The expected output is every line of the data exactly as shown, minus the images.

◆ **Information shown**:
....

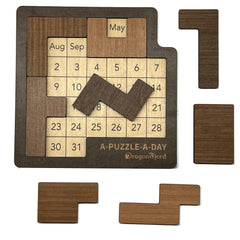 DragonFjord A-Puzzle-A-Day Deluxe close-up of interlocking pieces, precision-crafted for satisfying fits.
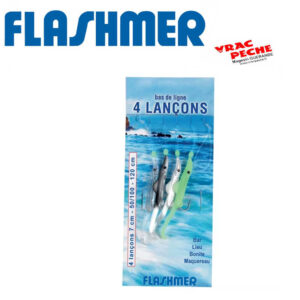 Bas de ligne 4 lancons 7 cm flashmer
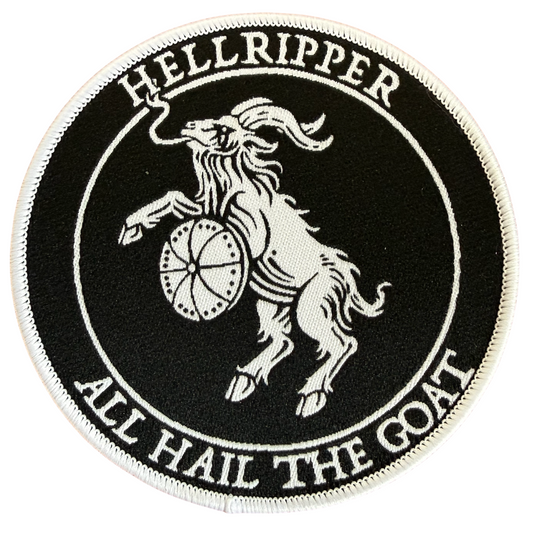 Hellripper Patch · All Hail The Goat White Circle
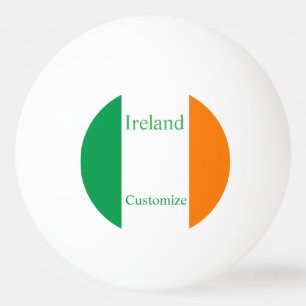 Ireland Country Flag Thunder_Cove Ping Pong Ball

....

◆ **Written answer**:
 DragonFjord A-Puzzle-A-Day Deluxe close-up of interlocking pieces, precision-crafted for satisfying fits.
 Bas de ligne 4 lancons 7 cm flashmer
 Hellripper Patch · All Hail The Goat White Circle
 Ireland Country Flag Thunder_Cove Ping Pong Ball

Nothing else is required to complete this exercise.